Instructions to follow: Working from the data below, write out exactly the lines from its first through the line that contains "Load image into", both ends included and pictures omitted.
____ Data for the task
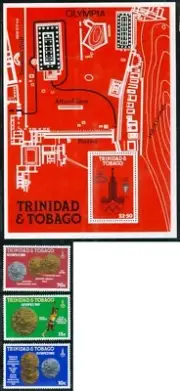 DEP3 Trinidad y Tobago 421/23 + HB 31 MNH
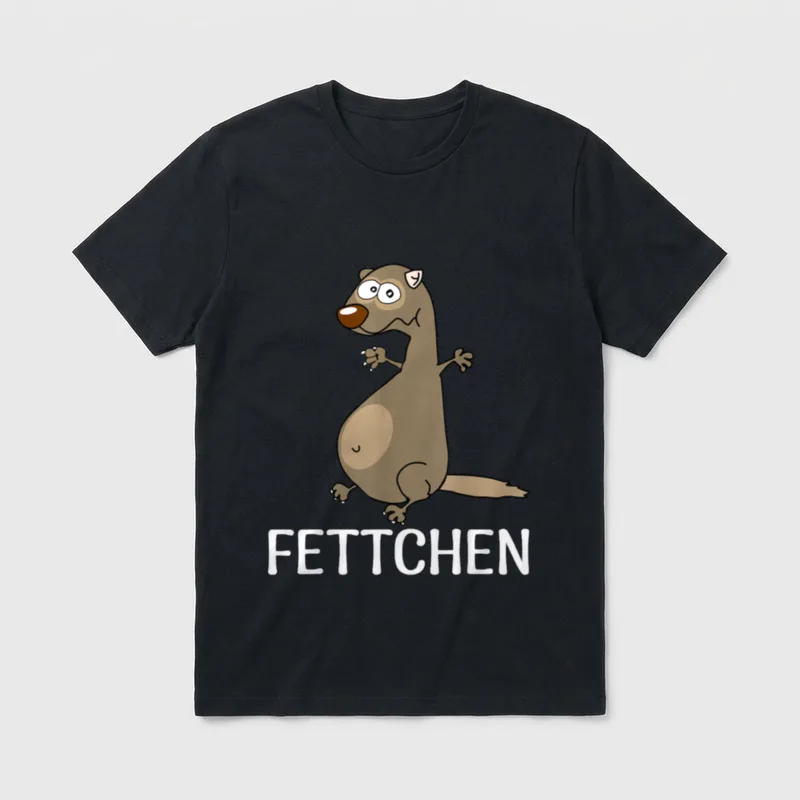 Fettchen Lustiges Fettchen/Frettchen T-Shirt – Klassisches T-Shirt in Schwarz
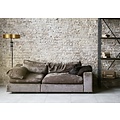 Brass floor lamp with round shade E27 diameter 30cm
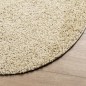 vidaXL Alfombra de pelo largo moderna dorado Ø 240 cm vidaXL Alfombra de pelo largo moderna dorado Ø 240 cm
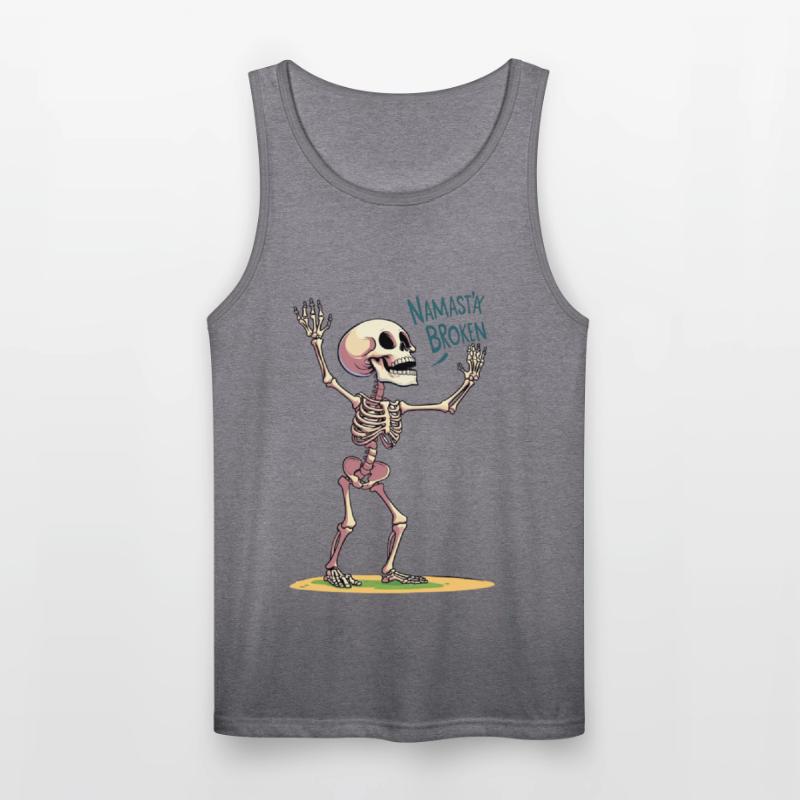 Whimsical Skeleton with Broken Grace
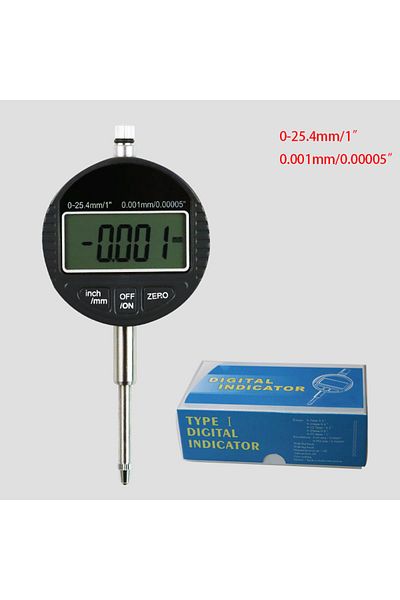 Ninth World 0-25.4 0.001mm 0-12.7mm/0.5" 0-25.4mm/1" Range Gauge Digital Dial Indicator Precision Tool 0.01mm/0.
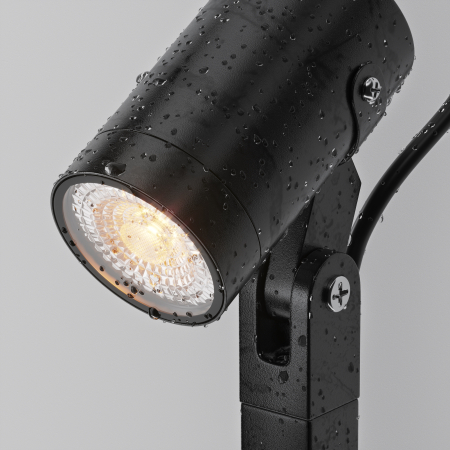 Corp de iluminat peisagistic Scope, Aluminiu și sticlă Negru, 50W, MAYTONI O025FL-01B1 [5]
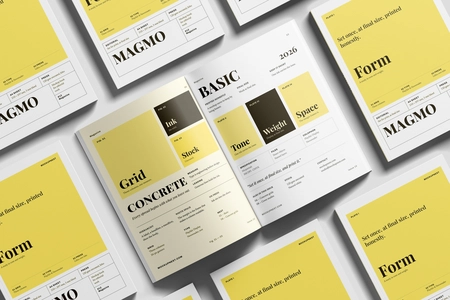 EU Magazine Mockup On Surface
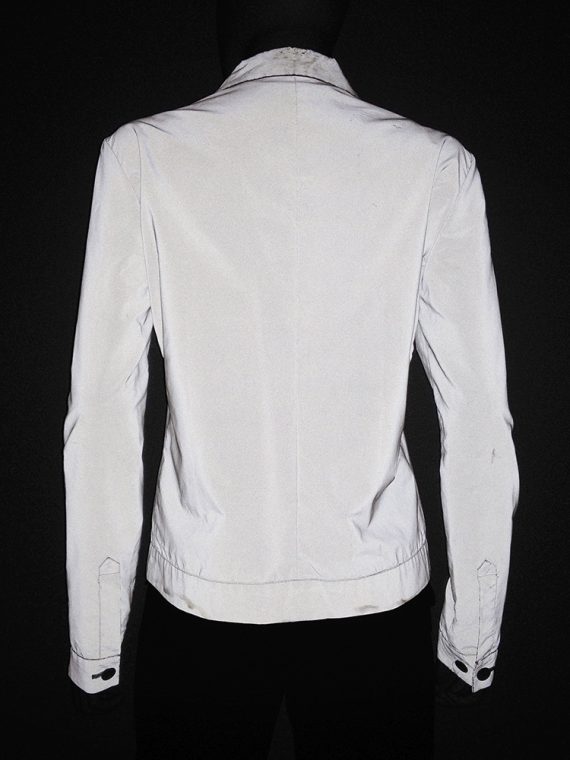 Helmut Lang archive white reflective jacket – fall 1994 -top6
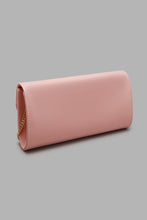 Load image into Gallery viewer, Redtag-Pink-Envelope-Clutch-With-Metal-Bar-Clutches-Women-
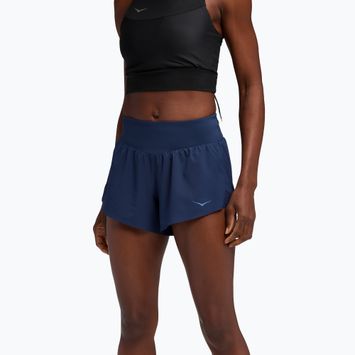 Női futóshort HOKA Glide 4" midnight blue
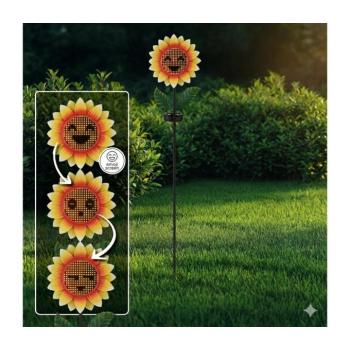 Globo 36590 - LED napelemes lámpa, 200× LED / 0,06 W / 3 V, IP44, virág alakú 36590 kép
________
The answer:
 DEP3 Trinidad y Tobago 421/23 + HB 31 MNH
 Fettchen Lustiges Fettchen/Frettchen T-Shirt – Klassisches T-Shirt in Schwarz
 Brass floor lamp with round shade E27 diameter 30cm
 vidaXL Alfombra de pelo largo moderna dorado Ø 240 cm vidaXL Alfombra de pelo largo moderna dorado Ø 240 cm
 Whimsical Skeleton with Broken Grace
 Ninth World 0-25.4 0.001mm 0-12.7mm/0.5" 0-25.4mm/1" Range Gauge Digital Dial Indicator Precision Tool 0.01mm/0.
 Corp de iluminat peisagistic Scope, Aluminiu și sticlă Negru, 50W, MAYTONI O025FL-01B1 [5]
 EU Magazine Mockup On Surface
 Helmut Lang archive white reflective jacket – fall 1994 -top6
 Load image into Gallery viewer, Redtag-Pink-Envelope-Clutch-With-Metal-Bar-Clutches-Women-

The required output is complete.